• **Directions**: Write out the lines of the material below exactly, beginning at the line with "5th December 2018" and stopping after the line with "Akot_๐ธ๐ธ_D'awet_Legacy (@akot_awetdit_10) 's", and leave out the pictures.

• **Given records**:
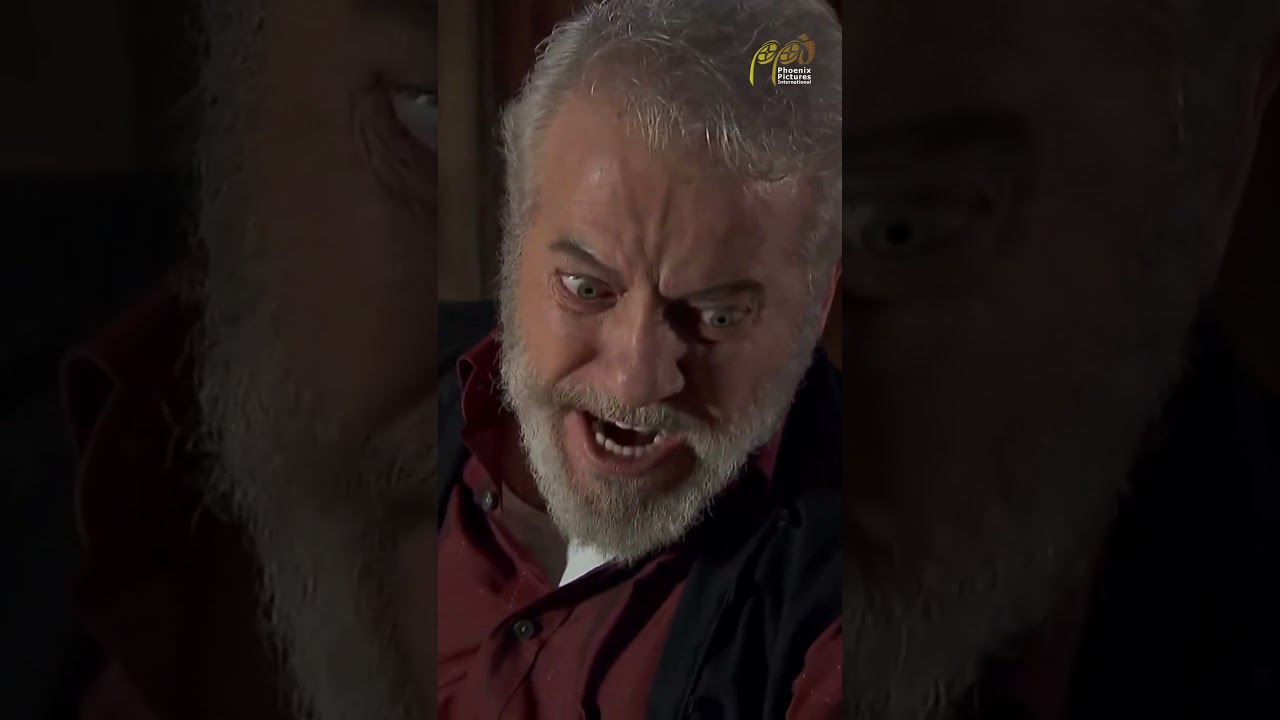 الأب ضرب بنته بالكرباج لأنها خرجت ليلاً😱😭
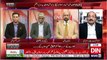 Controversy Today  – 5th December 2018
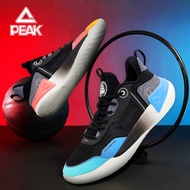 PEAK Womens Ranger 2.0 SWR TaiChi Basketball Shoes DA410028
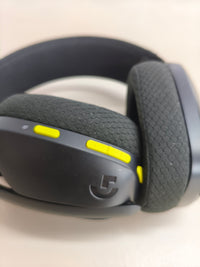 Auriculares Logitech G435 LIGHTSPEED para gaming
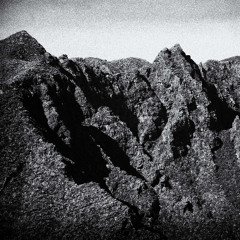 Basswald #32: Aeons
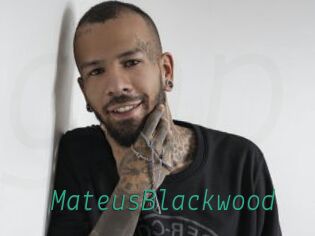 MateusBlackwood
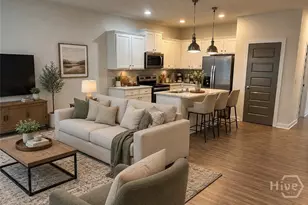 365 Lorien Way, Athens, GA 30607 - Photo 6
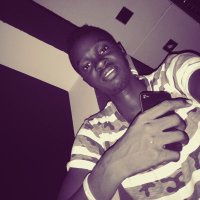 Akot_๐ธ๐ธ_D'awet_Legacy (@akot_awetdit_10) 's Twitter Profile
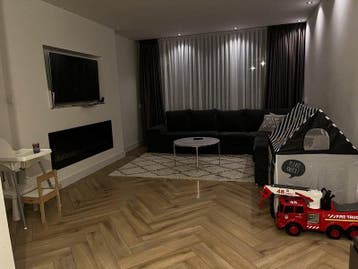 Te huur: Appartement Henry Dunantlaan in Diemen, Diemen, Noord-Holland, Appartement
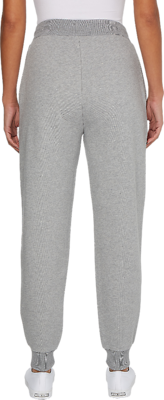 Tommy Hilfiger harmaat collegehousut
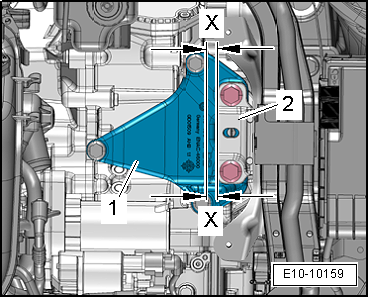 E10-10159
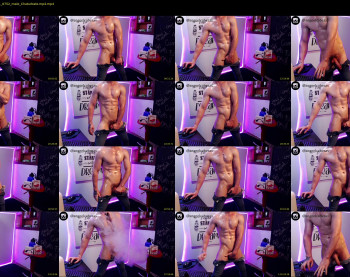 white_angel20
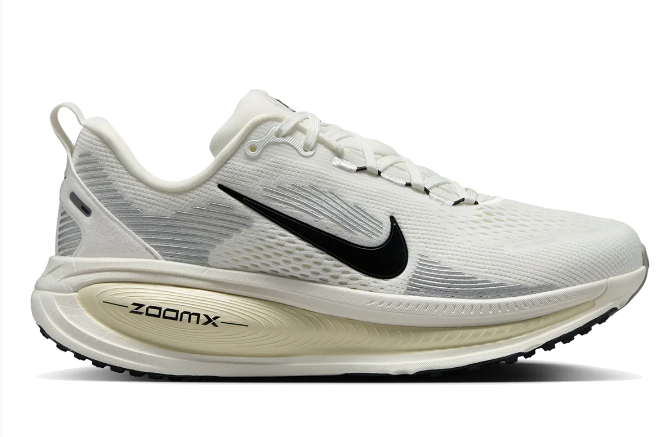 Nike Vomero 18 Men's Road Running Shoe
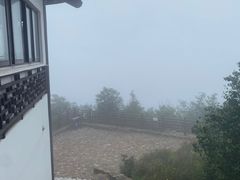 -缥缈峰景区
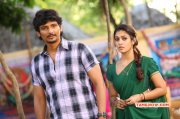 Tamil Movie Thirunal Wallpaper 1327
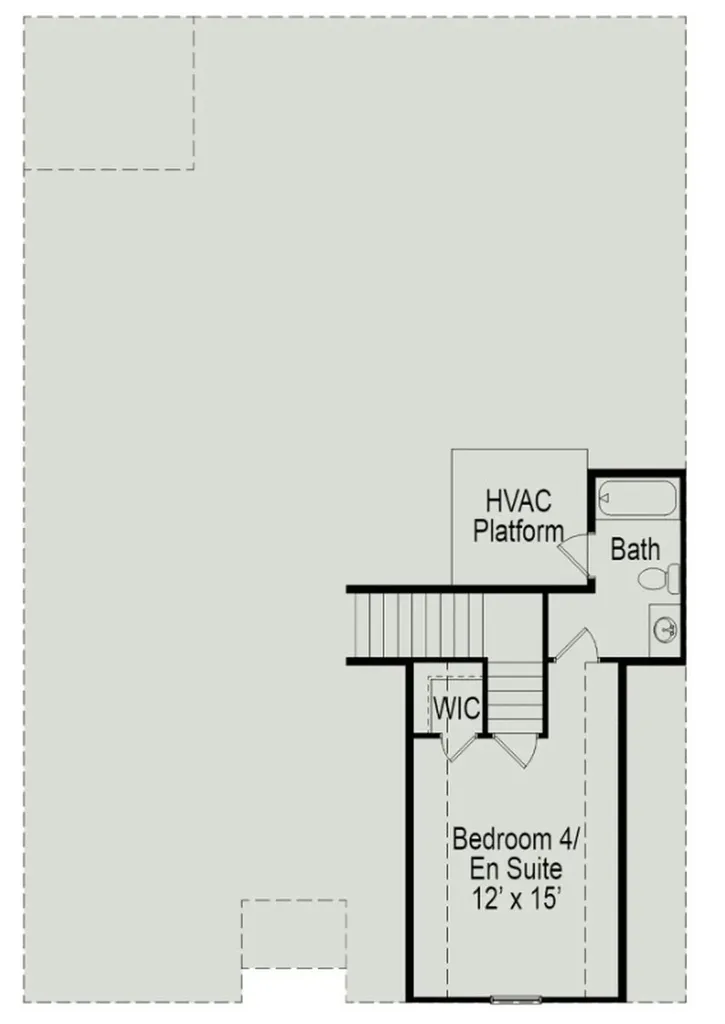 506 Charing Cross Drive Lebanon TN 37087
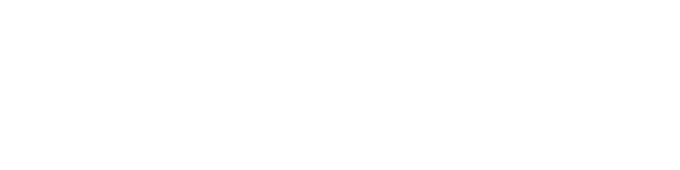 World's Greatest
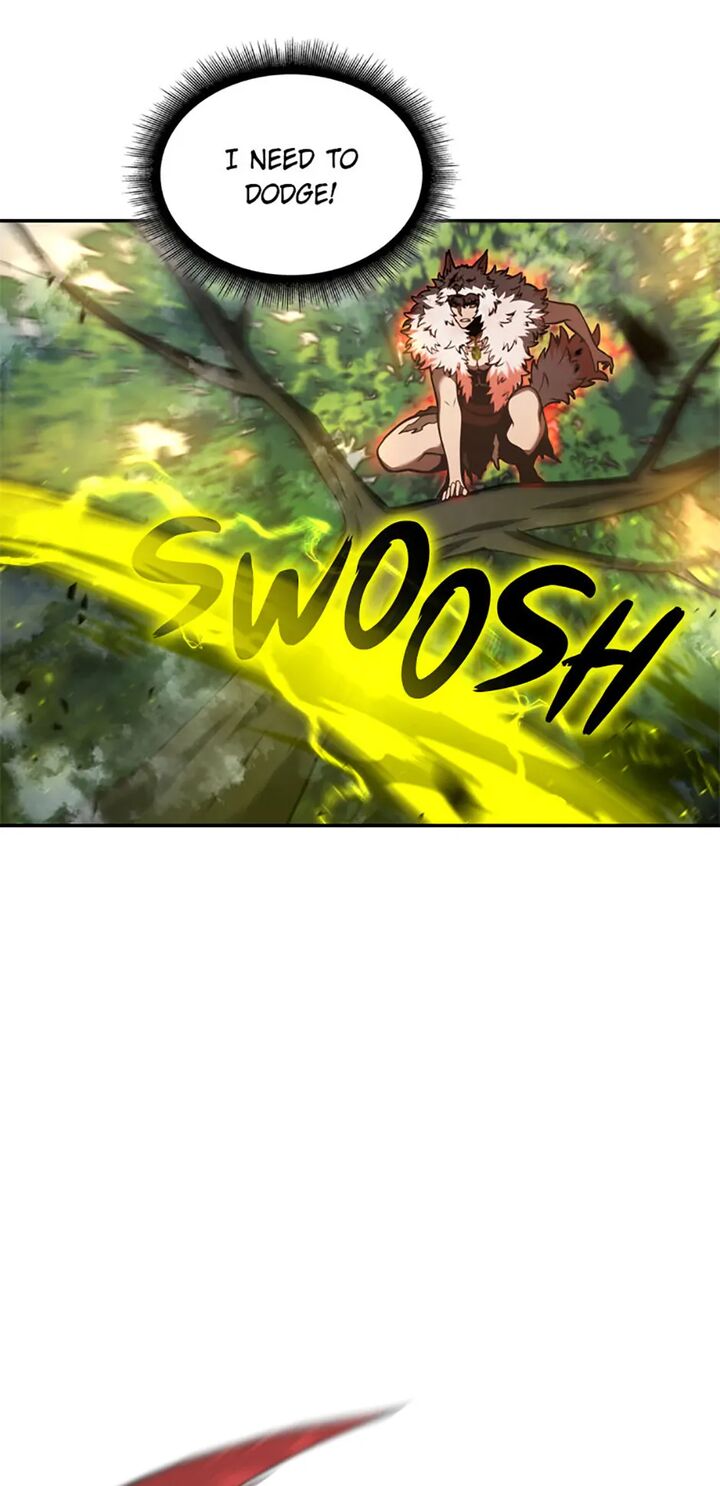 I Returned As An Fff Class Witch Doctor 86 41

• **Answer below**:
 Controversy Today  – 5th December 2018
 PEAK Womens Ranger 2.0 SWR TaiChi Basketball Shoes DA410028
 Auriculares Logitech G435 LIGHTSPEED para gaming
 Basswald #32: Aeons
 MateusBlackwood
 365 Lorien Way, Athens, GA 30607 - Photo 6
 Akot_๐ธ๐ธ_D'awet_Legacy (@akot_awetdit_10) 's Twitter Profile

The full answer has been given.